__What to do__.
Quote the material exactly from the line that contains "Kurze-Kamp-Straße" through its last line. Any pictures are to be left out.

__Entries provided__.
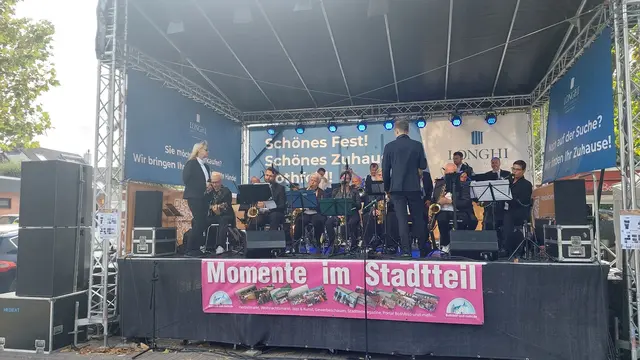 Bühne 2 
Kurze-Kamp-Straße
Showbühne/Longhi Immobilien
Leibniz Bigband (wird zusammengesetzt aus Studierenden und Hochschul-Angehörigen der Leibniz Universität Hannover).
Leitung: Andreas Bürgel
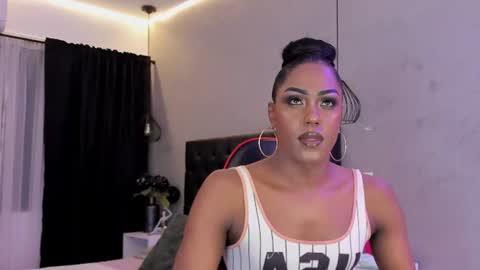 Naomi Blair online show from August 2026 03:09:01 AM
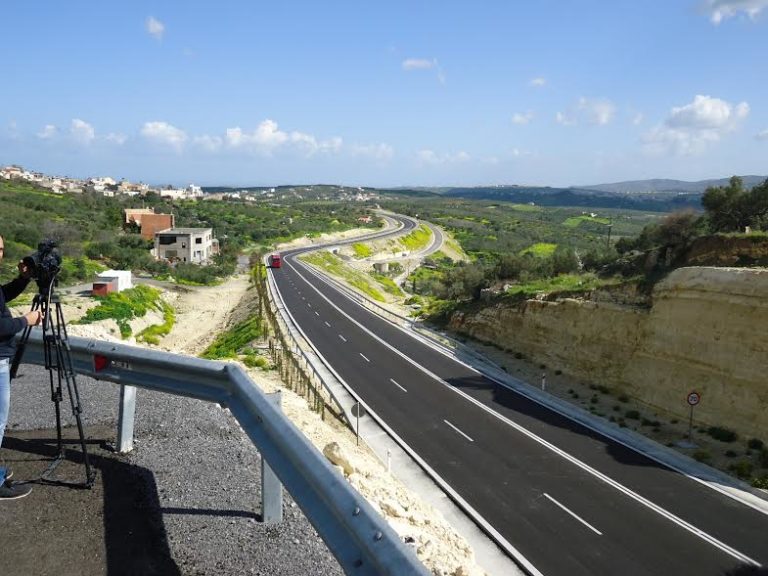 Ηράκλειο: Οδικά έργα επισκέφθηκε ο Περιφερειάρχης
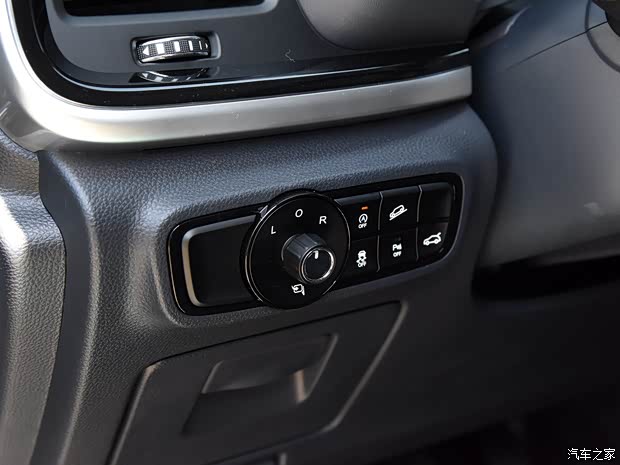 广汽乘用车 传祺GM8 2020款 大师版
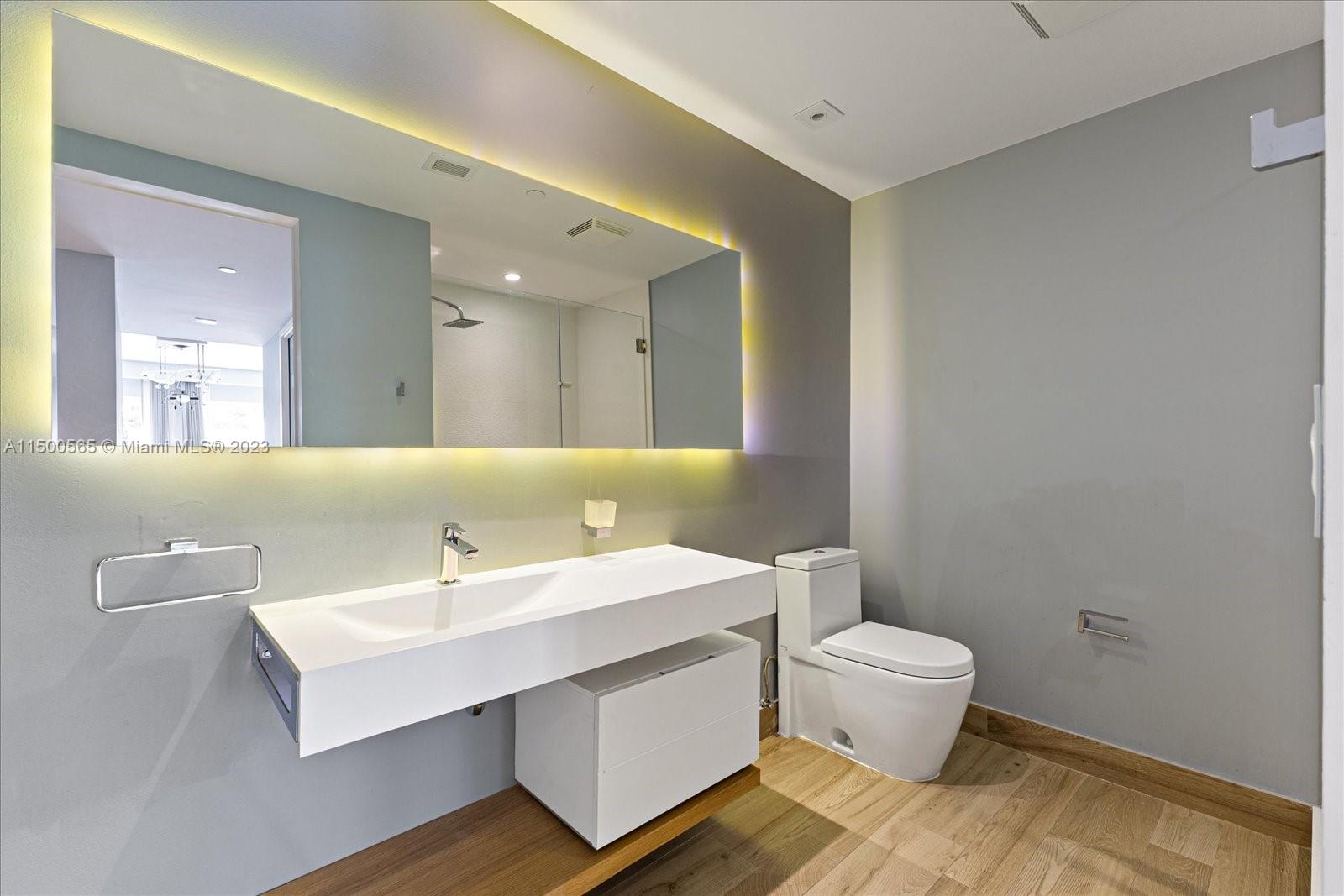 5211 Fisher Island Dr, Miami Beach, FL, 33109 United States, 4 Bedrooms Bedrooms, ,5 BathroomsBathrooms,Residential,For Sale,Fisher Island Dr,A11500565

__Result below__.
Kurze-Kamp-Straße
Showbühne/Longhi Immobilien
Leibniz Bigband (wird zusammengesetzt aus Studierenden und Hochschul-Angehörigen der Leibniz Universität Hannover).
Leitung: Andreas Bürgel
 Naomi Blair online show from August 2026 03:09:01 AM
 Ηράκλειο: Οδικά έργα επισκέφθηκε ο Περιφερειάρχης
 广汽乘用车 传祺GM8 2020款 大师版
 5211 Fisher Island Dr, Miami Beach, FL, 33109 United States, 4 Bedrooms Bedrooms, ,5 BathroomsBathrooms,Residential,For Sale,Fisher Island Dr,A11500565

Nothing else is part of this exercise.